Love after assault is hard, and even with a wonderful, thoughtful partner, bad memories resurface – sometimes paralyzing your body during a moment when all you wish to do is to love that other person completely. We survivors can’t turn off our trauma at will, but we deserve happy endings too, and we deserve stories that tell of the messiness of trauma and healing that shape our journey to happiness. Ngan has gifted us two powerful warriors whose greatest strength is the fire of their vulnerability; their ability to understand that they are imperfect, and that what they’ve survived didn’t give them a special power to fight back – that fire of rebellion was always within them.
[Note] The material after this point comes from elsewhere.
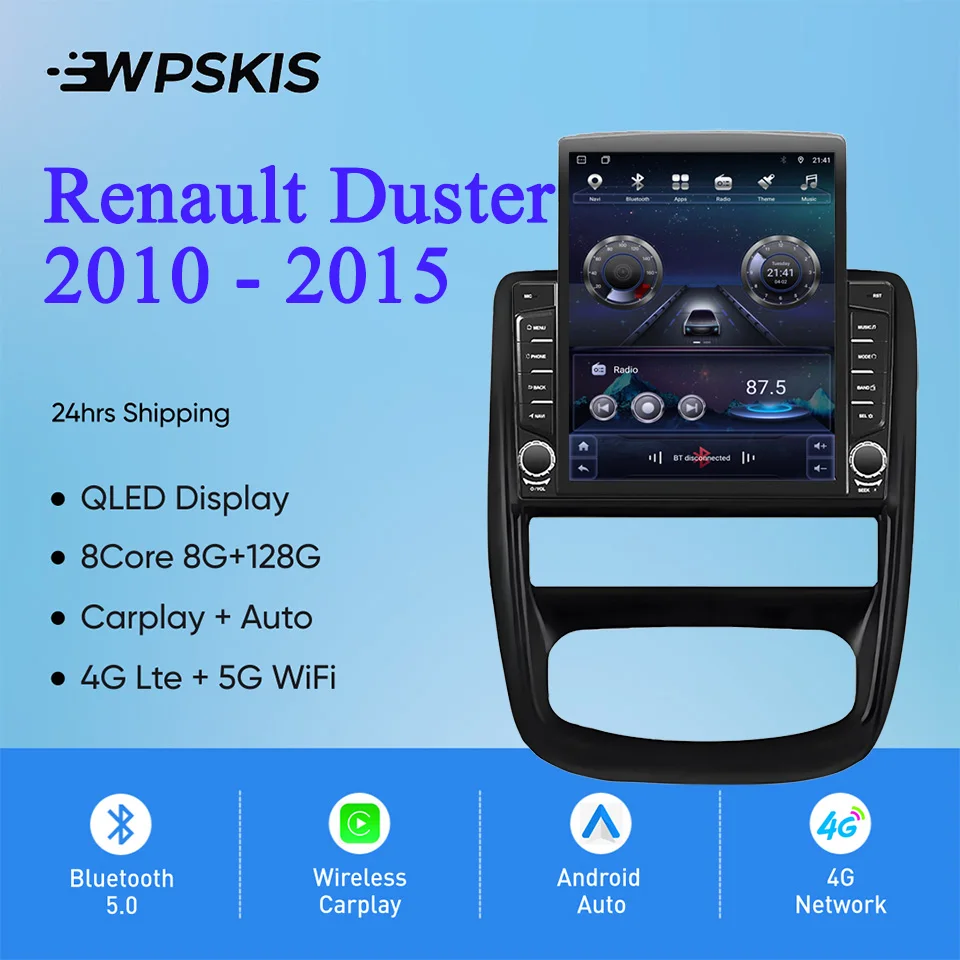 8Core 8G+128G Carpl… - image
I will give a content warning to some readers, because like me, descriptions of violence can sometimes turn a pleasant read into a long night of tending to your triggers. But, rather than sadness, I found so much comfort and solidarity in Lei and Wren’s journey together. Read their story.
One last note to Natasha Ngan: Thank you.
For any readers who have experienced sexual assault: I am so, so sorry for what you have been through. My wish is that, like me, you were able to find some form of kinship and empowerment in Lei’s journey.
You didn’t have to come out to us as readers, but you did, likely because of the same reason I did, because after generations of surviving violence, one of the most powerful things we as survivors can do for our sisters is to be visible among ourselves – to tell each other the most powerful words: You are Not Alone.
Thank you, Natasha, for writing a story that I’m sure, at times, wasn’t easy to write, but that I hope will help other survivors like us believe in the power of their fire.